# Exterior window frame



## trc65 (Oct 19, 2019)

The wood window frame on my walk in garage door has deteriorated and needs replacing. Of course replacement frames aren't available, so will be milling my own. The frame will be painted, but the question is what type of wood? Planning on hard maple, but are other types preferred, or acceptable?


----------



## Patrude (Oct 19, 2019)

I'm not sure that maple is a good outside wood. Cedar might be better. It resists rot

Reactions: Thank You! 1


----------



## ripjack13 (Oct 19, 2019)

Cedar is always good. So is sugar pine. As long as its painted, you should be good to go.

Reactions: Thank You! 1


----------



## trc65 (Oct 19, 2019)

I wasn't even thinking about cedar, for some reason my mind always wants to go towards hardwoods. Should be able to pick up some cedar at one of the big boxes.

Reactions: Like 1


----------



## ripjack13 (Oct 19, 2019)

Dont forget a dust mask. Cedar can be very dusty when milled and sanded....

Reactions: Thank You! 1


----------



## trc65 (Oct 19, 2019)

That's something that has become standard for me. No dust collection in the machine shed, so the 3M mask with p100 filters is always on.

Reactions: Like 1


----------



## Nature Man (Oct 20, 2019)

Not sure of the dimensions you are talking about, nor how decorative you might want it to be. Hardwoods that come to mind would be White Oak, Osage Orange, and Black Locust, all of which do well exposed to weather. Chuck

Reactions: Like 1 | Thank You! 1


----------



## Mr. Peet (Oct 20, 2019)

Western red chips and tares out more often than sugar pine. If it is exposed to lots of sun, avoid hardwoods for expansion reasons, and use knot free softwoods to avoid resin bleed. Flatsawn gain, so water sheets off. Or if using 1/4 sawn, growth rings parallel to building. Good woods - the soft pine family (avoid hard pine groups), cypress group (including bald genus), juniper family, white and red cedars...many more but think you are good.

Reactions: Like 1 | Thank You! 1


----------



## trc65 (Oct 20, 2019)

Dimension of window is 20 x 32, 1/2" thick double pane. Not very decorative at all, simple ogee next to the pane to reduce mass. Cross cut section of frame will be 1 3/16" x 1 1/16".

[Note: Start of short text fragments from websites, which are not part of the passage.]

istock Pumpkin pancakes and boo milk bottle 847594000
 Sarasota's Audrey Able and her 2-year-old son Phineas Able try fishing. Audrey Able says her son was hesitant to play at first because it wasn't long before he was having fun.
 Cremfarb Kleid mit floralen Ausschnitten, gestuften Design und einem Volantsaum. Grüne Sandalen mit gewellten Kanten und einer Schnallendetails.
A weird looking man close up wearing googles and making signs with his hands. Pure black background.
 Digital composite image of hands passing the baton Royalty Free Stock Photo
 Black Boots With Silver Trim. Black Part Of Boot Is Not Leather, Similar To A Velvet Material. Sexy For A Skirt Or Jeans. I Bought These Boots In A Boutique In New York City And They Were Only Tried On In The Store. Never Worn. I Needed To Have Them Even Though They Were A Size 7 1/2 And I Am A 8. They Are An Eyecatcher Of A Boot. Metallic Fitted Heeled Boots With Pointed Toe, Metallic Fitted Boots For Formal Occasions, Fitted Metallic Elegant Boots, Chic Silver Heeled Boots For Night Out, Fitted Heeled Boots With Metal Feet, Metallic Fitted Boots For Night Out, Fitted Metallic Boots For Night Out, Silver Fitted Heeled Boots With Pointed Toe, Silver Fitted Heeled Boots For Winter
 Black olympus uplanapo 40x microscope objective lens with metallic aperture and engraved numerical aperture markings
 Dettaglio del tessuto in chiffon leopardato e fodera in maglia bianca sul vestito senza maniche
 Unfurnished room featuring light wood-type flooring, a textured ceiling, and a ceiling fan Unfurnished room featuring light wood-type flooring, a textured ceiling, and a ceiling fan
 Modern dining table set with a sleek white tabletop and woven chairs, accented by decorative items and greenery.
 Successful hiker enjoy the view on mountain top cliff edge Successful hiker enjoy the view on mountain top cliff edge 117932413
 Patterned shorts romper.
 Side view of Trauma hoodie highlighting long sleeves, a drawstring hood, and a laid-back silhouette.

One frame on each side of door to sandwich glass in the middle. Frames screwed together from inside.


----------



## ripjack13 (Oct 20, 2019)




----------



## ripjack13 (Oct 20, 2019)




----------



## trc65 (Oct 20, 2019)

Here you go....









Diagram of cross section.

Reactions: Like 2


----------



## Mr. Peet (Oct 20, 2019)

trc65 said:


> Here you go....
> 
> View attachment 173165
> 
> ...



That last pic, Texas upside down..?..

Reactions: Funny 3


----------



## JerseyHighlander (Nov 7, 2019)

trc65 said:


> Here you go....
> 
> View attachment 173165
> 
> ...



Tim, I don't see anything "deteriorated" on that frame except the paint. Carefully scrape it down and repaint it, should be fine for a long time to come. There is no Big Box wood that is going to be as durable as the old stuff that is already there.

Reactions: Thank You! 1


----------



## trc65 (Nov 7, 2019)

That was going to be the plan, but what i didnt show in the picture was the inside of the frames when i took them apart. They are just screwed together from the inside, and the screws on the bottom are all rusted and the wood is spongy. Tried filling holes and putting new screws in different areas, but not enough good wood to hold anything.

I picked up a nice piece of Western cedar (after digging through the pile for 20 min.), and it is a pretty easy profile to machine, so just going to make a new one. 

Of course, now it has turned cold, so everything will have to be brought into the house for glueing and painting....

Reactions: Like 1


----------